> [EXERCISE]
Transcribe the listing verbatim, please, with images dropped.

> [DATA UNDER STUDY]
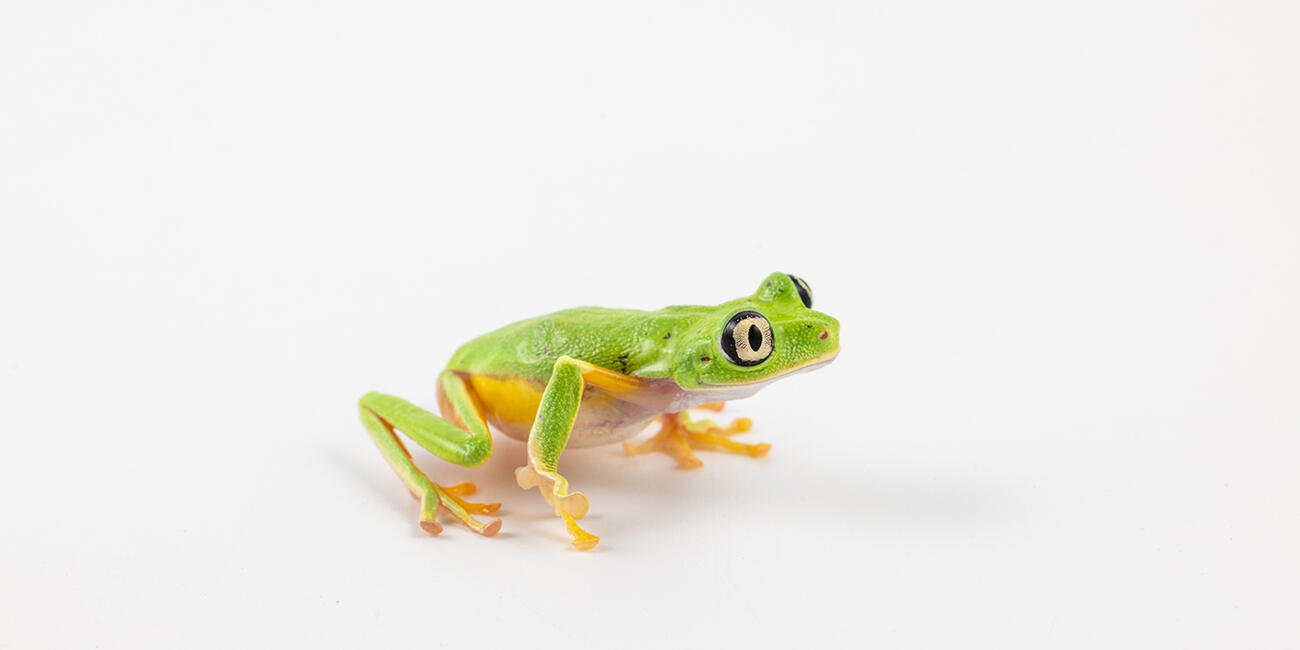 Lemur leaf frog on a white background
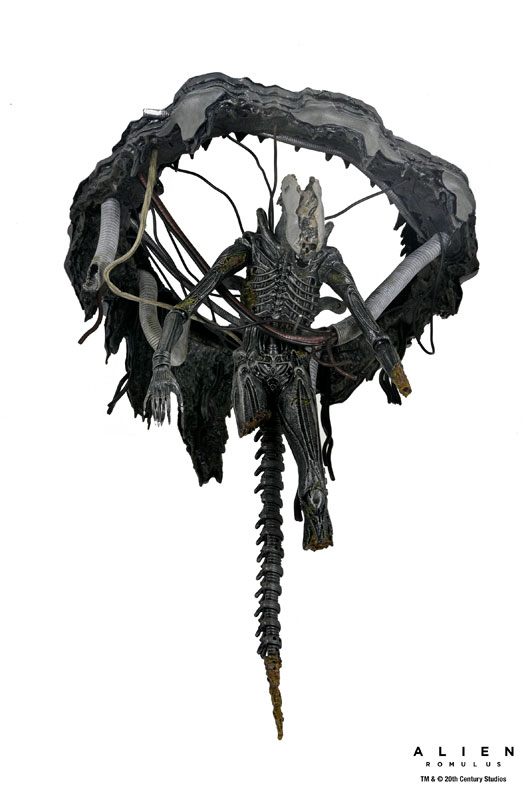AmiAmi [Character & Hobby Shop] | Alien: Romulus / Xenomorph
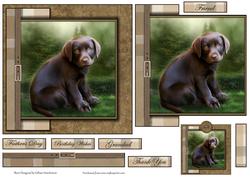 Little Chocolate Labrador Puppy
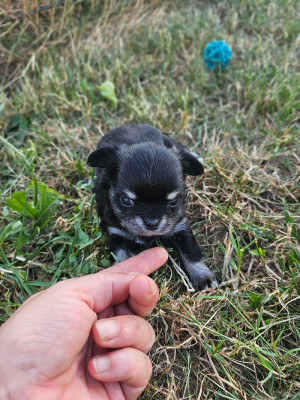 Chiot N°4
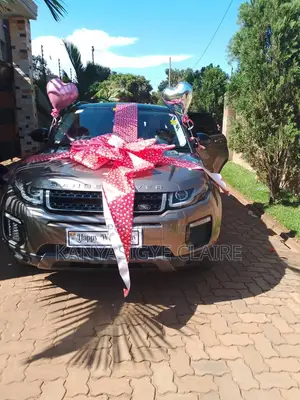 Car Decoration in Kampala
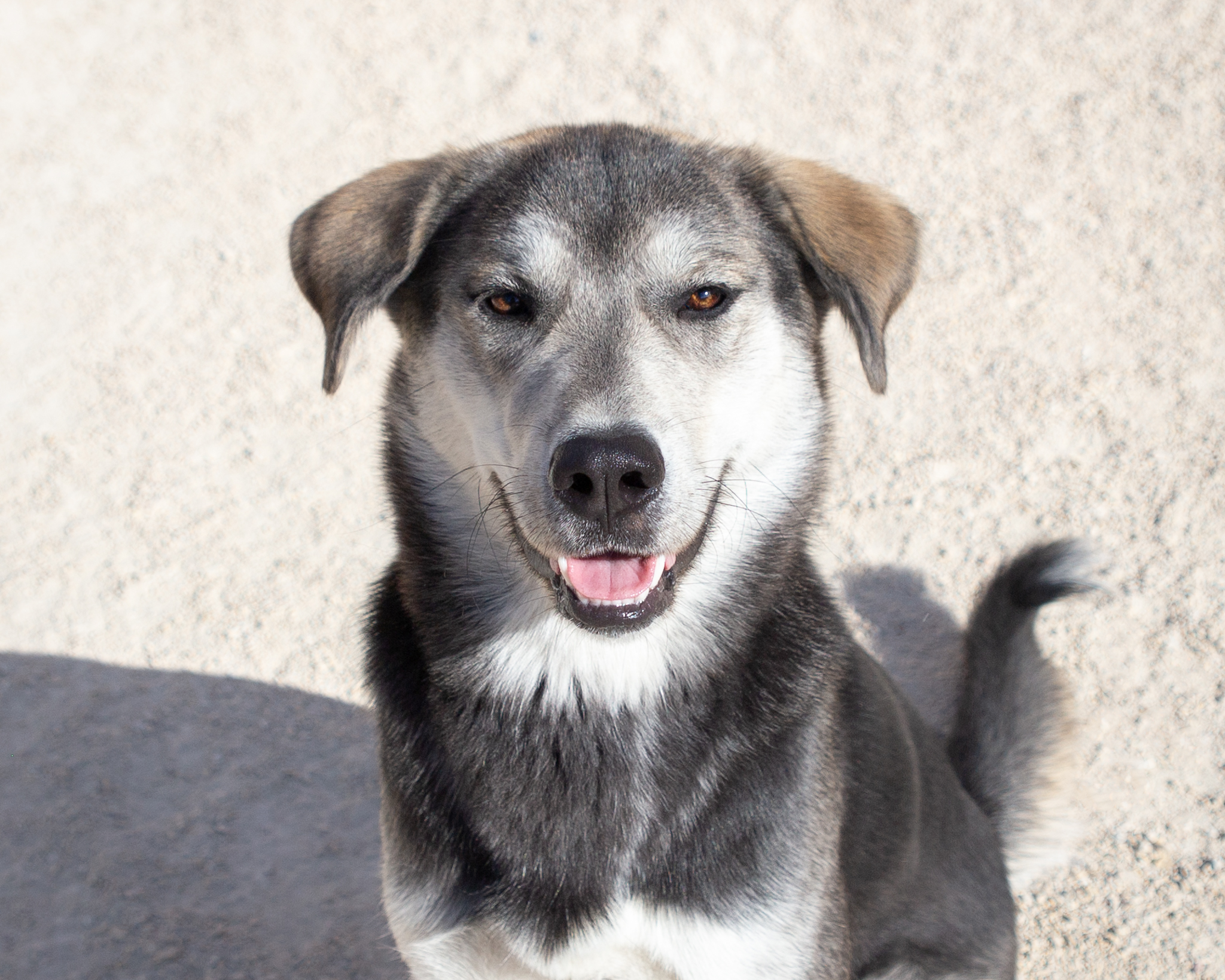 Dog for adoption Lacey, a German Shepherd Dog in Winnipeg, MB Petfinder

> [ANSWER TO THIS EXERCISE]
 Lemur leaf frog on a white background
AmiAmi [Character & Hobby Shop] | Alien: Romulus / Xenomorph
 Little Chocolate Labrador Puppy
 Chiot N°4
 Car Decoration in Kampala
 Dog for adoption Lacey, a German Shepherd Dog in Winnipeg, MB Petfinder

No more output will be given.